Re: SGD Based Recommender Contribution Proposal

Posted by Ted Dunning <te...@gmail.com>.
This actually sounds pretty good, at least in advance of actually looking
at the code.

On Fri, Oct 12, 2012 at 2:15 AM, Sean Owen <sr...@gmail.com> wrote:

> (Bug fixes are good, if you can separate those out, those should not
> be controversial.)
>
> I am still skeptical of new blobs of code, as these have been a big
> problem for the project. If it's clean, follows existing code and
> APIs, and you are willing to actively support it, it may be
> un-harmful.
>
> I am not going to be able to work on Mahout in any significant way any
> more, so would not feel right committing this myself, especially if
> the expectation was that I would be able to help modify and support
> these changes. But, leave it to other committers to take that up. It
> sounds lik eyou have made a lot of effort to weave it in nicely.
>
>
> > Now it is integrable to Mahout, and can work with Mahout's existing
> > Recommender interface. It does not modify any existing code, except a
> couple
> > of additional lines in driver.class.props, which define a few commandline
> > utilities I find useful while experimenting a recommender.
>

Re: SGD Based Recommender Contribution Proposal

Posted by Sean Owen <sr...@gmail.com>.
(Bug fixes are good, if you can separate those out, those should not
be controversial.)

I am still skeptical of new blobs of code, as these have been a big
problem for the project. If it's clean, follows existing code and
APIs, and you are willing to actively support it, it may be
un-harmful.

I am not going to be able to work on Mahout in any significant way any
more, so would not feel right committing this myself, especially if
the expectation was that I would be able to help modify and support
these changes.

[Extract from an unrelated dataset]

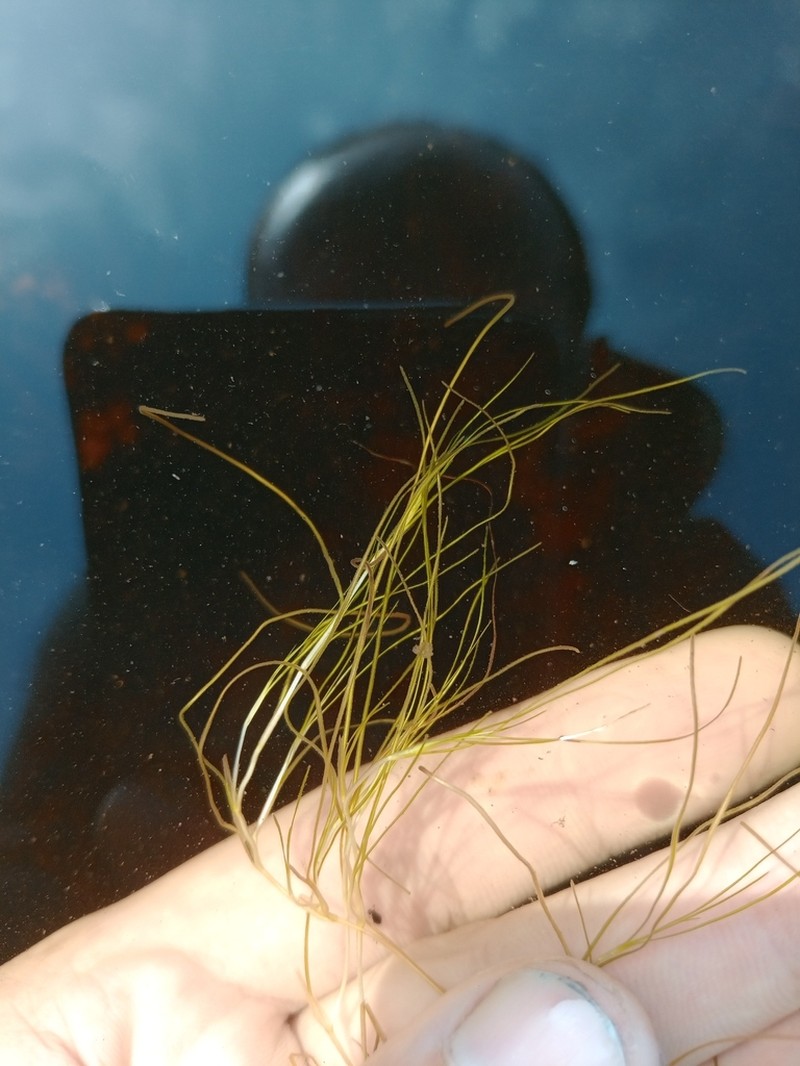 Althenia filiformis photo 5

But, leave it to other committers to take that up. It
sounds lik eyou have made a lot of effort to weave it in nicely.


> Now it is integrable to Mahout, and can work with Mahout's existing
> Recommender interface. It does not modify any existing code, except a couple
> of additional lines in driver.class.props, which define a few commandline
> utilities I find useful while experimenting a recommender.